In the SAFSTOR scenario, security cost takes second place at $163 million over the course of the project, according to the report.
History of overruns
Wolf Creek has a long history of construction cost overruns.
The plant was originally designed as a near-identical twin of the Three Mile Island nuclear plant in Pennsylvania.
But after the 1979 Three Mile Island meltdown, the nation’s worst civilian nuclear accident, Wolf Creek, then under construction, had to be redesigned to meet new safety standards.
Originally projected to cost $525 million, the plant ultimately cost $3 billion, causing decades of rate disparity between southern Kansas customers who were saddled with the nuclear debt and northern Kansas customers who got most of their power from coal plants.
In 2009, about the time that southern customers were starting to benefit from Wolf Creek’s operating efficiency and lower fuel costs, Westar and the Kansas Corporation Commission consolidated the rates between Westar’s north and south divisions.
Commissioners said last week that they have not had time yet to fully review the report and decide what to do with it. None of the three commissioners were in office when the last study was done.
David Springe, consumer counsel for the Citizens’ Utility Ratepayer Board, said he expects that as in the past, the commission will have a case to consider whether electric rates need to be increased to ensure there’s enough money to pay for eventual Wolf Creek decommissioning.
He said that process usually includes an actuarial study, much like an insurance checkup.
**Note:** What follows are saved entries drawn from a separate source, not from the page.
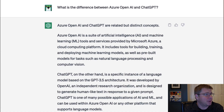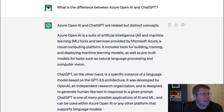I couldn't have said it better myself. Azure OpenAI and ChatGPT are related but distinct concepts. Azure OpenAI is a suite of artificial intelligence and machine learning tools and services provided by Microsoft Azure, a cloud computing platform. It includes tools for building, training, and deploying machine learning models, as well as pre-built models for tasks such as natural language processing and computer vision.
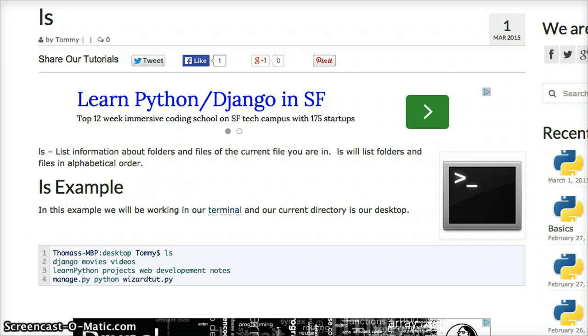We use the ls command to list out files and folders in a directory, the current directory you're in. So let's go ahead and take a look at an example of this.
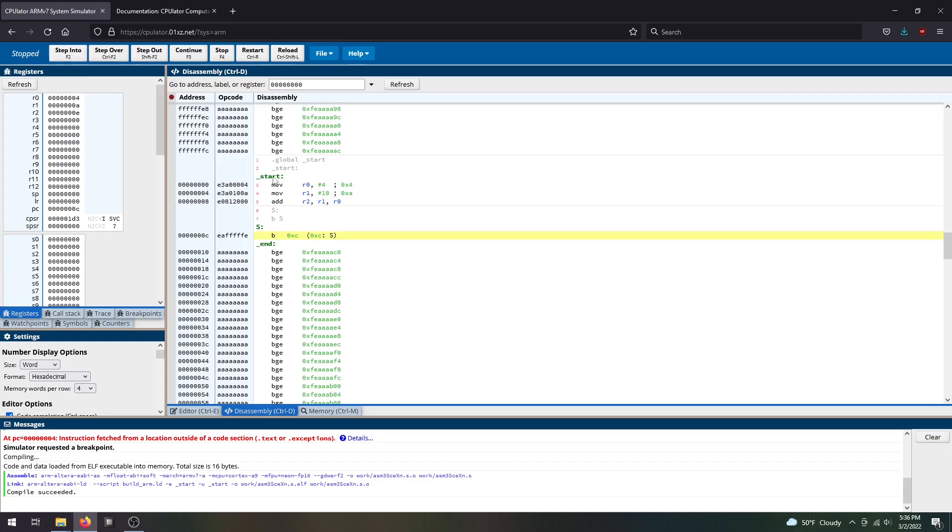You can reset the values of your general purpose registers by clicking on it, entering zeros, and that would make sure all of these are reset.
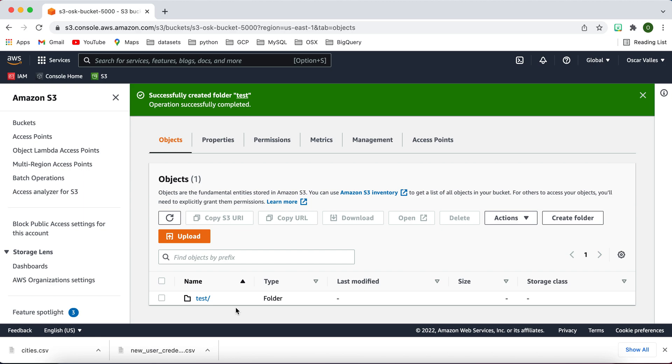So we'll just keep using the terminology folder, but just know that it's interchangeable. And then if you ever see the word object come up, you know that it can potentially mean a subfolder or an actual file within your S3 bucket.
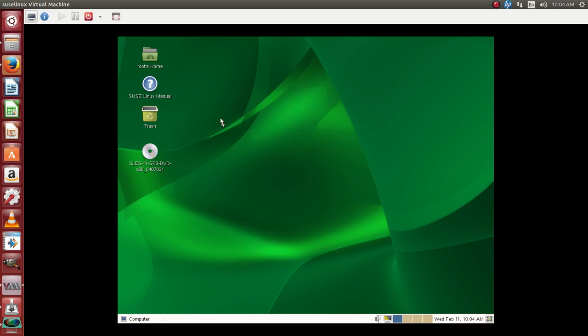Hello and welcome to Unix Services Training. Today we will be looking into SUSE Linux. How do we configure network on SUSE Linux 11?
CURB, the state agency representing residential and small-business customers, would be a part of the case to protect consumer interests, he said.
“If the actuarial numbers go up, rates might have to go up a little bit,” he acknowledged.
However, Springe said he’s much more worried about other issues in rates, especially funding for new transmission lines to carry western Kansas wind power to market and costly environmental upgrades the federal government is requiring at aging coal-fired power plants in the state.
“Those are the things driving the increase in rates right now,” he said.